Iodine-123

General
- Symbol: ^{123}I
- Names: iodine-123, radioiodine
- Protons (Z): 53
- Neutrons (N): 70

Nuclide data
- Natural abundance: 0
- Half-life (t_{1/2}): 13.223 hours
- Isotope mass: 122.905590 Da
- Parent isotopes: ^{123}Xe
- Decay products: ^{123}Te

Decay modes
- Decay mode: Decay energy (MeV)
- electron capture: 1.228 MeV

= Iodine-123 =

Isotope of iodine

Iodine-123 (^{123}I) is a radioactive isotope of iodine used in nuclear medicine imaging, including single-photon emission computed tomography (SPECT) or SPECT/CT exams. The isotope's half-life is 13.223 hours; the decay by electron capture to tellurium-123 emits gamma radiation with a predominant energy of 159 keV (this is the gamma primarily used for imaging). In medical applications, the radiation is detected by a gamma camera. The isotope is typically applied as iodide-123, the anionic form.

==Production==

Iodine-123 is produced in a cyclotron by proton irradiation of xenon-124 in a capsule, which on absorbing a proton of the used energy will lose a neutron and proton to form xenon-123, or else two neutrons to form caesium-123, which decays to it. The xenon-123 formed by either route then decays to iodine-123, and is trapped on the inner wall of the irradiation capsule under refrigeration, then eluted with sodium hydroxide in a halogen disproportionation reaction, similar to collection of iodine-125 after it is formed from xenon by neutron irradiation (see article on ^{125}I for more details).

^{124}Xe (p,pn) ^{123}Xe → ^{123}I

^{124}Xe (p,2n) ^{123}Cs → ^{123}Xe → ^{123}I

Iodine-123 is usually supplied as [^{123}I]-sodium iodide in 0.1 M sodium hydroxide solution, at 99.8% isotopic purity.

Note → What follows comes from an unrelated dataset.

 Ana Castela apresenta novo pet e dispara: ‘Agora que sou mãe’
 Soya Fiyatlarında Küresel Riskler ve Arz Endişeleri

^{123}I for medical applications has also been produced at Oak Ridge National Laboratory by proton cyclotron bombardment of 80% isotopically enriched tellurium-123.

^{123}Te (p,n) ^{123}I

==Decay==

The detailed decay mechanism is electron capture (EC) to form an excited state of the observationally stable nuclide tellurium-123 . The excited state of ^{123}Te produced is not the metastable nuclear isomer ^{123m}Te (the decay of ^{123}I does not involve enough energy to produce ^{123m}Te), but rather is a much shorter-lived excited state of ^{123}Te that immediately decays to ground state ^{123}Te by emitting a gamma ray at the energy noted, or else (13% of the time) by internal conversion electron emission, followed by an average of 11 Auger electrons emitted at very low energies (50-500 eV). The latter decay channel also produces ground-state ^{123}Te. Especially because of the internal conversion decay channel, ^{123}I is not an absolutely pure gamma-emitter, although it may be considered so for clinically purposes.

The Auger electrons from the radioisotope have been found in one study to do little cellular damage, unless the radionuclide is directly incorporated chemically into cellular DNA, which is not the case for present radiopharmaceuticals which use ^{123}I as the radioactive label nuclide. The damage from the more penetrating gamma radiation and internal conversion electrons from the initial decay of ^{123}Te is moderated by the relatively short half-life of the isotope.

==Medical applications==

^{123}I is the most suitable isotope of iodine for the diagnostic study of thyroid diseases. The half-life (13.223 hours) is ideal for the 24-hour iodine uptake test and ^{123}I has other advantages for diagnostic imaging thyroid tissue and thyroid cancer metastasis. The energy of the photon, 159 keV, is ideal for the NaI (sodium iodide) crystal detector of current gamma cameras and also for the pinhole collimators. It has much greater photon flux than ^{131}I. It gives approximately 20 times the counting rate of ^{131}I for the same administered dose, while the radiation burden to the thyroid is far less (1%) than that of ^{131}I. Moreover, scanning a thyroid remnant or metastasis with ^{123}I does not cause "stunning" of the tissue (with loss of uptake), because of the low radiation burden of this isotope. For the same reasons, ^{123}I is never used for thyroid cancer or Graves disease treatment, and this role is reserved for ^{131}I.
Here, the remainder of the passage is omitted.